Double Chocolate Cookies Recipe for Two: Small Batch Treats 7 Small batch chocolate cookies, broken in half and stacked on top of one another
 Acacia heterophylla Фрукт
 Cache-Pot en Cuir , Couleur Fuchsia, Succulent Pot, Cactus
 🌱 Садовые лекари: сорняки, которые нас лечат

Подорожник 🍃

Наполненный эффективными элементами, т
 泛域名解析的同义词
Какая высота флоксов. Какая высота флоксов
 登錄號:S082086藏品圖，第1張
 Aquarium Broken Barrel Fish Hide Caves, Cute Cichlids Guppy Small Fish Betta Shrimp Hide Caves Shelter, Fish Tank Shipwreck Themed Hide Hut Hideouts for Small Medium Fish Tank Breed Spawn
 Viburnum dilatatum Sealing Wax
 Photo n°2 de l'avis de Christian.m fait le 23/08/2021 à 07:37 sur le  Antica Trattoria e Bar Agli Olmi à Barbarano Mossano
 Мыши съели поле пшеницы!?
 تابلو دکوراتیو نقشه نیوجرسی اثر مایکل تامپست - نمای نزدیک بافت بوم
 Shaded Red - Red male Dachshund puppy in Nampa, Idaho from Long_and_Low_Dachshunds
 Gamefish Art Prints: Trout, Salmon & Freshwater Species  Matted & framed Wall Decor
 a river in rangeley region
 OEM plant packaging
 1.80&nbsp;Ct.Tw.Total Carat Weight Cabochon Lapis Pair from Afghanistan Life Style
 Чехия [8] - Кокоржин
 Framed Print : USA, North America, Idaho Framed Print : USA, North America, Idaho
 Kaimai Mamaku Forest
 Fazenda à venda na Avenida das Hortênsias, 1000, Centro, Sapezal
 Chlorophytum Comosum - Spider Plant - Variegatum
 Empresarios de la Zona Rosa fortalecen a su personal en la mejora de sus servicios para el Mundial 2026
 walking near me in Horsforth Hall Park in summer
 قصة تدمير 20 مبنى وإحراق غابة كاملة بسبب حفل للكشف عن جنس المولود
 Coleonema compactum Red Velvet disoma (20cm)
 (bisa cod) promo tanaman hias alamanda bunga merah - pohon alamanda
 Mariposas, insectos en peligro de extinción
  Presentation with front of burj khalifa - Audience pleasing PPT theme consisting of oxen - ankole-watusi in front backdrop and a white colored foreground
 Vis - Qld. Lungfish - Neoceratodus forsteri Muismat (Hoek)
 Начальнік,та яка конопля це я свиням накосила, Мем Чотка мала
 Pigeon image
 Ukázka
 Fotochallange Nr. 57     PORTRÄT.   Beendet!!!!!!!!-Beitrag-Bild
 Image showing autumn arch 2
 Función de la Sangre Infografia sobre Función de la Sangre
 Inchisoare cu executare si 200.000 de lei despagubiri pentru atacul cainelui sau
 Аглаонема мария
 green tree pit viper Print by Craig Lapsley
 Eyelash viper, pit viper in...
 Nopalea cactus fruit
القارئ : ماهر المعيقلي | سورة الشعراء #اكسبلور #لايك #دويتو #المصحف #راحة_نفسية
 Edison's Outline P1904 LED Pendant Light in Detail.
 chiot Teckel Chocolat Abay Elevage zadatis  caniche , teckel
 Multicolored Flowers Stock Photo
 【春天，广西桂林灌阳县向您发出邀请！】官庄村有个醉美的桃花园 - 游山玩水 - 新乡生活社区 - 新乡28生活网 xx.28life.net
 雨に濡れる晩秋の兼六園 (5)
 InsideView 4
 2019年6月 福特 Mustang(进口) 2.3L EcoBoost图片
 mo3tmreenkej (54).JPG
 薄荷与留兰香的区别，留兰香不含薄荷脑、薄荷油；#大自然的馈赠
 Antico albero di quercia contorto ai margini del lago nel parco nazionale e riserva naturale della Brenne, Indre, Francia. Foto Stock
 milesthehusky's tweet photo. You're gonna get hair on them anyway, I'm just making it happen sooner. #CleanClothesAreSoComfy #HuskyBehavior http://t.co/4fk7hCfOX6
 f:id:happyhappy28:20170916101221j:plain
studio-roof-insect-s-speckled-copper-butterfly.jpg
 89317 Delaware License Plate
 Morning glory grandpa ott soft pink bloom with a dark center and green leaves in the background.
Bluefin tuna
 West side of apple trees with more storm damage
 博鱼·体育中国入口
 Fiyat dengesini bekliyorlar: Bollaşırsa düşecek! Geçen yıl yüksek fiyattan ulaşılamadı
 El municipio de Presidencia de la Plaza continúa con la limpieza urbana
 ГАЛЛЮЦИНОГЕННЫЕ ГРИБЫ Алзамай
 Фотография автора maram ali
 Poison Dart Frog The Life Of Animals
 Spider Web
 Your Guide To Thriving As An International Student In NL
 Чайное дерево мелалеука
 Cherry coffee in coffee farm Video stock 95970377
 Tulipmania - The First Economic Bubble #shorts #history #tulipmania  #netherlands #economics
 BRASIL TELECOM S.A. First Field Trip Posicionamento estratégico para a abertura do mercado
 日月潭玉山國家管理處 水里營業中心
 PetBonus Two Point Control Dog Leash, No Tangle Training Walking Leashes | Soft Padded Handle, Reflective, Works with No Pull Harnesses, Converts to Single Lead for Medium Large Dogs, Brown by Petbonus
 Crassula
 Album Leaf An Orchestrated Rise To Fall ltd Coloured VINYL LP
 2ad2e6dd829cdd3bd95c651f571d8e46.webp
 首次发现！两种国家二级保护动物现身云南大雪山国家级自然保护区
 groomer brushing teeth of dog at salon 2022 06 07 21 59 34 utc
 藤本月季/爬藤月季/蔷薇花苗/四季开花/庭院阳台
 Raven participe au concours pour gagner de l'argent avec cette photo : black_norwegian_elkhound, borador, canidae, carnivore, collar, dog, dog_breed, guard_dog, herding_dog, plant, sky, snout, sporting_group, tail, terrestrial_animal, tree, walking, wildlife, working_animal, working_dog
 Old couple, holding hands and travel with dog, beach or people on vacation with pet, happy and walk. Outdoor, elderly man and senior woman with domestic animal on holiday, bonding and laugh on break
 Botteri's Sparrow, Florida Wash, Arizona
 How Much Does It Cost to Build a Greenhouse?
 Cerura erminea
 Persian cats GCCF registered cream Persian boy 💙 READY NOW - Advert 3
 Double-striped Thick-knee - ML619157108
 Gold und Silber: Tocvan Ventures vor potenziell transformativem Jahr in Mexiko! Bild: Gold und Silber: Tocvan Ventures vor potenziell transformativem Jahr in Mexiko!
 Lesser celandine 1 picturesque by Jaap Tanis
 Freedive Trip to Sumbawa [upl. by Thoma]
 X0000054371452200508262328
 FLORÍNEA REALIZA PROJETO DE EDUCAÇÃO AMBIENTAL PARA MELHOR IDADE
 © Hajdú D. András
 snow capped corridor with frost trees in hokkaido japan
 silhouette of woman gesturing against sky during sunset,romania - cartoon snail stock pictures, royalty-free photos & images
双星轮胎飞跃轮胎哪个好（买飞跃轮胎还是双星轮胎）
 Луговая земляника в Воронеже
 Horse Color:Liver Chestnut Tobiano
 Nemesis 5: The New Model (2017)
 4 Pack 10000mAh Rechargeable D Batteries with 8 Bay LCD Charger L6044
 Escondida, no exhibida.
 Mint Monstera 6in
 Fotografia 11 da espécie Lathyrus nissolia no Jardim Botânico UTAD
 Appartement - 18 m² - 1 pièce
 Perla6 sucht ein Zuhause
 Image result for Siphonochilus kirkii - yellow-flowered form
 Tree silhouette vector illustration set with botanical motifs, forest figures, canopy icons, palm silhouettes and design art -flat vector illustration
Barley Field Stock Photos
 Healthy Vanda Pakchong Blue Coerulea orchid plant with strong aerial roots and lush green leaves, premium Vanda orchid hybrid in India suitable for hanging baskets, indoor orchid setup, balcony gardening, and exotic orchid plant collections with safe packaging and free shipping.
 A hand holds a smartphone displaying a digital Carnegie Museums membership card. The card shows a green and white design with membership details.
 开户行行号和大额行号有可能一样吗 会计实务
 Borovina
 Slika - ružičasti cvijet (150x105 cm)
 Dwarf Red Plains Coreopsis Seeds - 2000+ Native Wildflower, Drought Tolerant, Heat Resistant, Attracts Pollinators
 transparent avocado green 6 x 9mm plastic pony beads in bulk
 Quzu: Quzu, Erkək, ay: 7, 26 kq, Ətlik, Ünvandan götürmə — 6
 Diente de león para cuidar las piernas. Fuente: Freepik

____________________

▶ **Instructions to follow**:
Copy from the entries only those lines that hold the word "with".

▶ **Task answer**:
  Presentation with front of burj khalifa - Audience pleasing PPT theme consisting of oxen - ankole-watusi in front backdrop and a white colored foreground
 Morning glory grandpa ott soft pink bloom with a dark center and green leaves in the background.
 West side of apple trees with more storm damage
 PetBonus Two Point Control Dog Leash, No Tangle Training Walking Leashes | Soft Padded Handle, Reflective, Works with No Pull Harnesses, Converts to Single Lead for Medium Large Dogs, Brown by Petbonus
 Old couple, holding hands and travel with dog, beach or people on vacation with pet, happy and walk. Outdoor, elderly man and senior woman with domestic animal on holiday, bonding and laugh on break
 snow capped corridor with frost trees in hokkaido japan
 4 Pack 10000mAh Rechargeable D Batteries with 8 Bay LCD Charger L6044
 Tree silhouette vector illustration set with botanical motifs, forest figures, canopy icons, palm silhouettes and design art -flat vector illustration
 Healthy Vanda Pakchong Blue Coerulea orchid plant with strong aerial roots and lush green leaves, premium Vanda orchid hybrid in India suitable for hanging baskets, indoor orchid setup, balcony gardening, and exotic orchid plant collections with safe packaging and free shipping.
 A hand holds a smartphone displaying a digital Carnegie Museums membership card. The card shows a green and white design with membership details.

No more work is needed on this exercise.